YEREVAN, Armenia – On November 22, the American University of Armenia (AUA) Political Science and International Affairs (PSIA) program held a debate on the topic, “State, Society, and Genocide Prevention,” presented by Benjamin Abtan, president of European Grassroots Antiracist Movement (EGAM), and coordinator of the Elie Wiesel Network of Parliamentarians of Europe for the prevention of genocide and against genocide denial. The event was part of a series of PSIA seminars that are held on Wednesdays at 4:30 PM.

Abtan began the presentation by explaining that, although the sovereignty of independent states is a cornerstone of the United Nations (UN) Charter, and therefore crucial for keeping world order, human rights violations within states have increased concerns over human rights protection. Abtan argued that states forfeit their sovereign rights when they violate or fail to protect the basic rights of their citizens. He advocated “humanitarian intervention” as a tool to end these violations and consequences which can occur threatening international peace and security, justifying it as a solution that could save millions of lives being abused by authorities. Looking at the genocide in Rwanda and the failure of the UN to prevent ethnic cleansing, it could be argued that the international community should take responsibility to prevent such catastrophes.

Moreover, poor states can provide security challenges for the powerful, well-governed states, especially taking into account the fact that, in today’s era of globalization, issues emerging in underdeveloped states can spill over and greatly impact other states. Terrorism, drug trafficking, human trafficking and other large-scale issues are a primary threat for the international community and should be prevented.

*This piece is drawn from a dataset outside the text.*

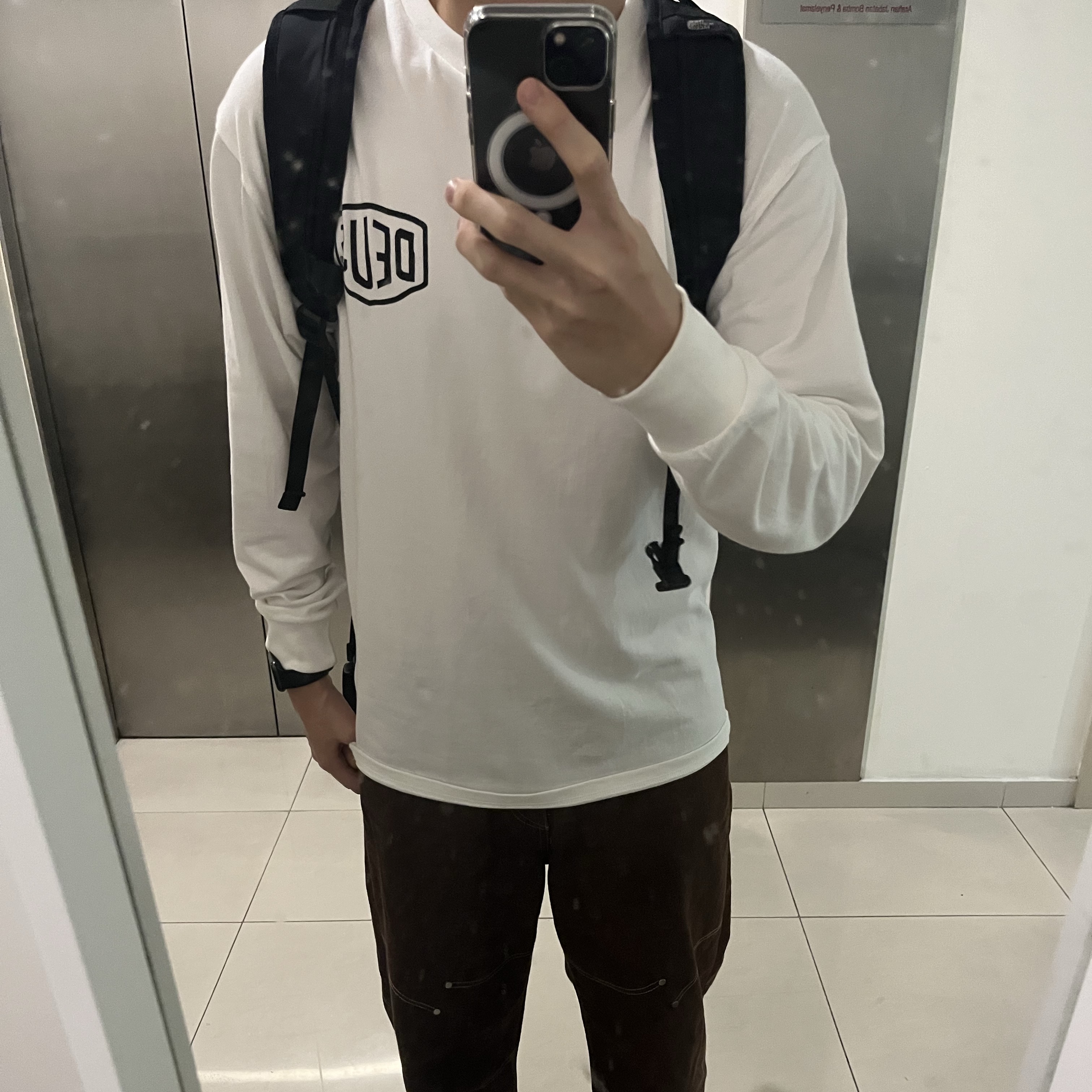 Deus Ex Machina Seoul College Long Sleeve T-Shirt White 착용 스타일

Thus, “The Responsibility to Protect” was introduced by the International Commission on Intervention and State Sovereignty in 2001, stating that states are responsible not only for controlling domestic affairs, but also for providing adequate governance and human rights protections for other states. Failing to do this means that states “forfeit their right of sovereignty” and international organizations have a right to intervene to save those people. Hence, interventions are justified and can be regarded as a means to protect and create peace in the world.

The presentation was followed by questions from the audience, during which a discussion emerged concerning the issue over which states should intervene in the name of humanism and, most importantly, what the real concerns of the intervening states are. It was argued that humanitarian intervention can be exploited by powerful states to promote their interests in a particular region, bringing more destruction rather than helping or saving lives.

The audience brought up examples of the US invasion in Iraq and the war in Afghanistan, as well as the destruction of Syria. They argued that people should consider whether humanitarian intervention causes more destruction than the domestic affairs of those countries. Intervention is a noble idea, however, in terms of implementation, it fails to provide humanism. The discussion concluded with the assessment that new mechanisms of providing humanitarian intervention should be introduced.

Founded in 1991, the American University of Armenia (AUA) is a private, independent university located in Yerevan, Armenia and affiliated with the University of California. AUA provides a global education in Armenia and the region, offering high-quality, graduate and undergraduate studies, encouraging civic engagement, and promoting public service and democratic values.